=== Referring expression grounding data ===
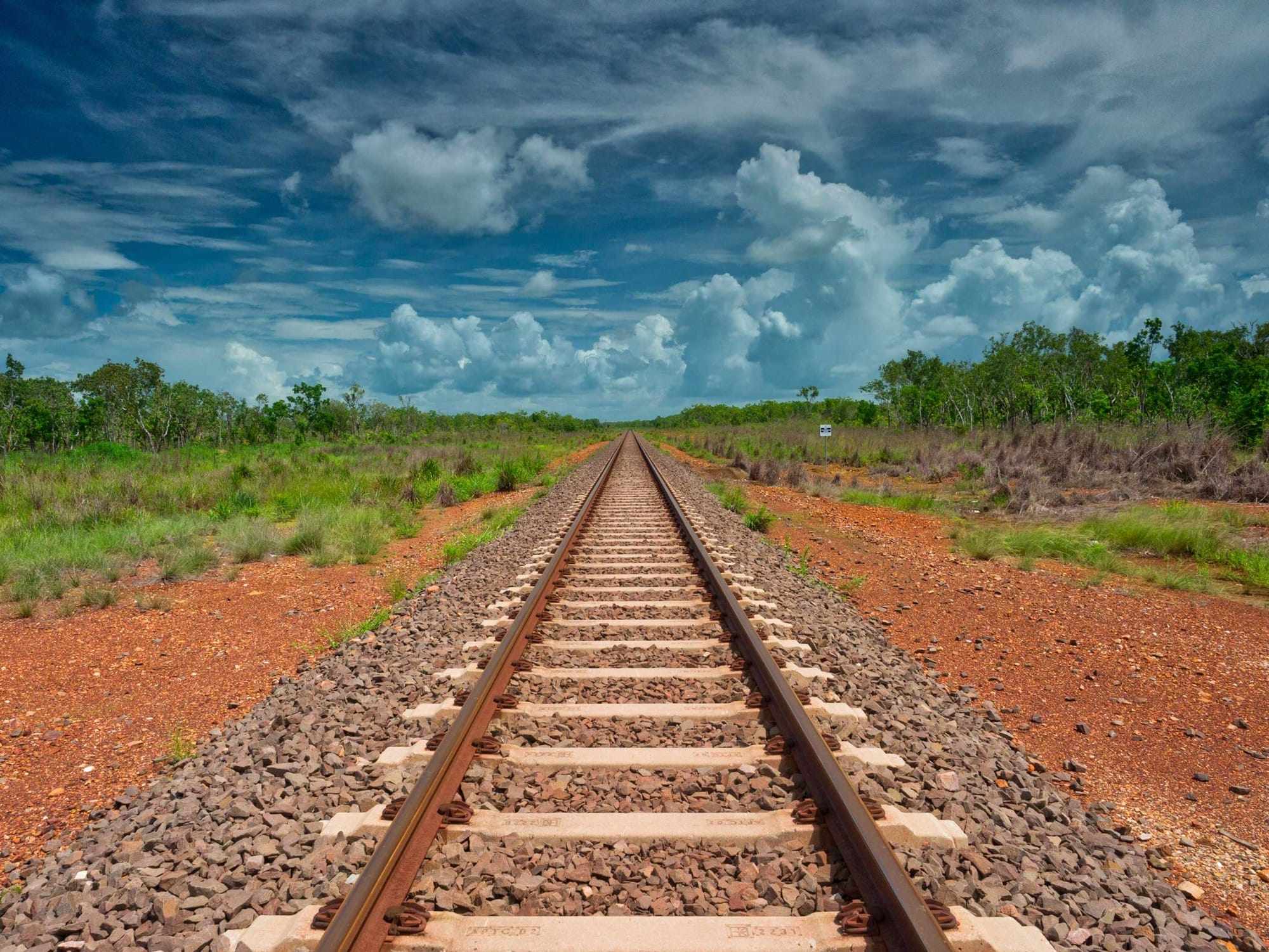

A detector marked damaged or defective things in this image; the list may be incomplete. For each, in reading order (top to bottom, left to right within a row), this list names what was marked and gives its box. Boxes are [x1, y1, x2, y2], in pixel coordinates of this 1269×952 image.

rusted rail metal [317, 439, 624, 952]
rusted rail metal [634, 434, 954, 952]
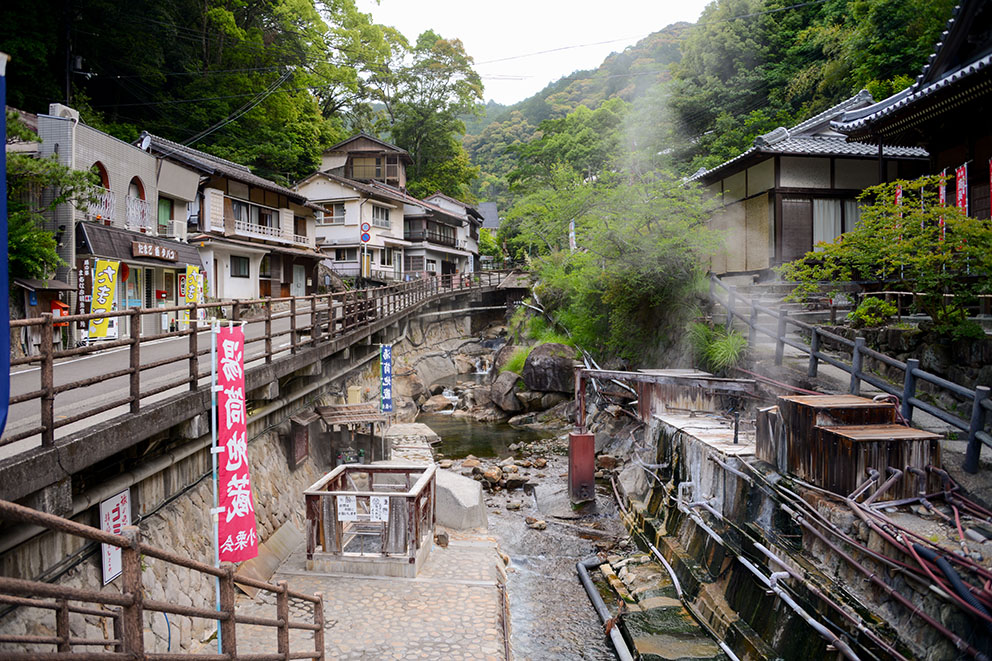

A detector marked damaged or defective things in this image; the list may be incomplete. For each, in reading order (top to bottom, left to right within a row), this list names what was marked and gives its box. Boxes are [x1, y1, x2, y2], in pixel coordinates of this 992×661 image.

rusty guardrail [1, 270, 512, 448]
rusty guardrail [708, 274, 988, 474]
rusty guardrail [0, 498, 324, 656]
rusty pipe [788, 502, 988, 656]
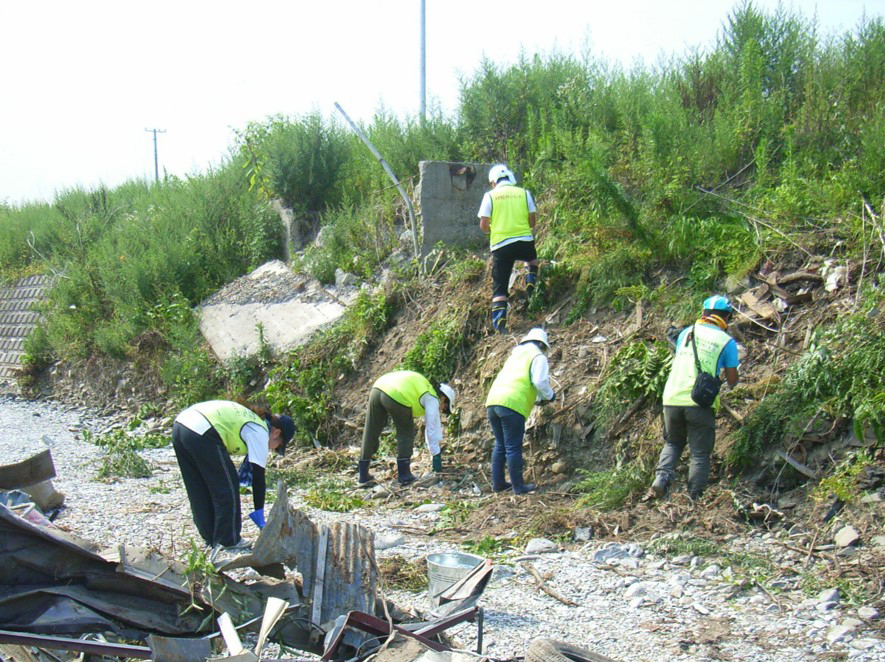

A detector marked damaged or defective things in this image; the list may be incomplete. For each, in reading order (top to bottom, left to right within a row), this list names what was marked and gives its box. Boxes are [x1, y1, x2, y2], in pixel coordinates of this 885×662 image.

broken concrete slab [197, 260, 356, 364]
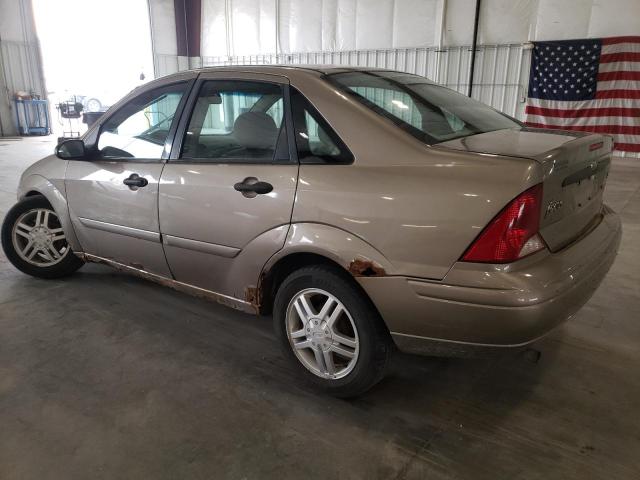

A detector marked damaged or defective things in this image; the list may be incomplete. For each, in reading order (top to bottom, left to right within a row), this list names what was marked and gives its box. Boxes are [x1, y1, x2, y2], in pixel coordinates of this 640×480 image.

rust spot on wheel arch [348, 258, 388, 278]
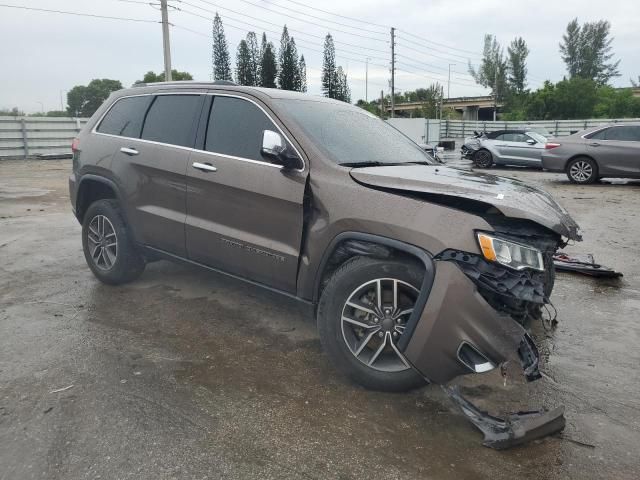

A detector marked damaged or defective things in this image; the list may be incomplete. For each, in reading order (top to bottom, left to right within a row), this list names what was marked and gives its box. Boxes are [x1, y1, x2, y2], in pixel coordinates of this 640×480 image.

=== AIM OF THE TASK ===
Your copy should match the data exactly, apart from the images, which are dropped.

=== RESULT FOR THIS EXERCISE ===
A detector marked damaged or defective things in this image; the list may be incomplete. For each, in reading order (top to bottom, left to right within a row), this list names what was marked and gives its box. Boxes are [x1, y1, x2, y2], in pixel coordinates of this 1269×952 image.

rusted rail metal [317, 439, 624, 952]
rusted rail metal [634, 434, 954, 952]

A detector marked damaged or defective things in this image; the list may be incomplete. For each, in reading order (top to bottom, left to right within a row), this list names what was marked and gives its box. Boxes are [x1, y1, x2, y2], in pixel coordinates of this 992×661 image.

rusty guardrail [1, 270, 512, 448]
rusty guardrail [708, 274, 988, 474]
rusty guardrail [0, 498, 324, 656]
rusty pipe [788, 502, 988, 656]

A detector marked damaged or defective things in this image; the list may be incomplete. For each, in reading order (top to bottom, left to right within a row), this list names what was marked and gives its box. Boxes are [x1, y1, x2, y2], in pixel coordinates of this 885×662 image.

broken concrete slab [197, 260, 356, 364]

A detector marked damaged or defective things in this image; the list may be incomplete. For each, in reading order (top to bottom, left to right within a row), this list names what was marked and gives its box. Boxes are [x1, y1, x2, y2], in pixel coordinates of this 640×480 image.

rust spot on wheel arch [348, 258, 388, 278]

A detector marked damaged or defective things in this image; the list may be incomplete. For each, in reading order (top to bottom, left to right within a row), this list names what was marked and gives its box. Boxes are [x1, y1, x2, y2], in pixel coordinates of this 640×480 image.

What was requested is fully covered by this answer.